You will have much more latitude with editing RAW files than JPEG.  Two things in particular 1) a much larger lossless image to work with and 2) white balance adjustments.  Both can make a significant difference in the final image.


----------



## Overread (Jun 22, 2012)

brittanyrose864 said:


> =) I realize my statements seem to contradict each other, but the reason I am starting a business is because I have had several people ask if I could take their pictures due to them seeing my work. I'm fresh out of highschool and I said "I'm obviously a newb" because I want some advice... I don't know everything...



Remember there is a big difference between "Oh nice you should charge for your photos" and "I'll gladly pay you for those photos". Also remember there is a big difference between a few friends dropping a bit of money your way and running an actual business. There is also a big difference between the prices you can charge as a friend making a little pocket money and the amount you need to charge to cover your costs of doing business when running an actual business. You also have to remember that you won't be making a business for your friends - it will be for you and chances are they might not be your target market at all. 

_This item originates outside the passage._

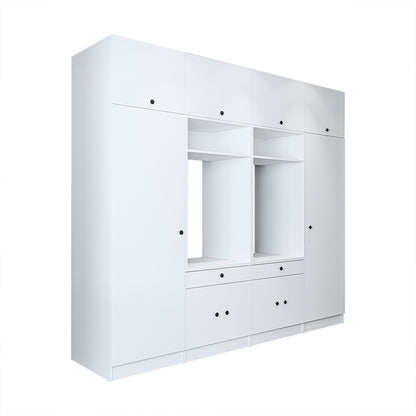 Roomart Schrankwand für Waschküche & Hauswirtschaftsraum – 254 cm breit – mit Ausziehbrett – in • Weiß •Eiche •Schwarz-Eiche - badezimmerschrank, waschbecken, badezimmermöbel, badschrank, badezimmer, mit, unterschrank, badmöbel, set, waschtisch, möbel, ba
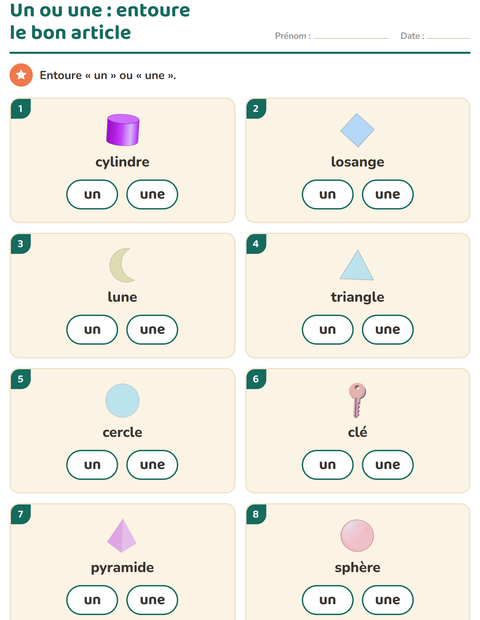 Aperçu de la fiche Le ou la avec Formes pour École maternelle (grande section, 5-7 ans)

I'm not trying to dissuade you from your idea, but have you considered working for an already established pro? Might not be as independent as running your own business, but you get to get the field skills, gain some more experience and also see the structure and running of an actual company (remember taking photos is only a tiny part of Running a company - the rest is bills, balance sheets, income, outgoings, marketing, selling etc..). 

Competition in any area will be harsh, but if you can intern/apprentice/secondshoot/etc... you get the ground skills and you get paid for it (well at least normally, some apprentice schemes will have money going the other way, they will also be the ones more likely to be more active in teaching, the others will be less active in teaching and more in getting you do to work - either way there will be coffee and chances are you'll be making it). 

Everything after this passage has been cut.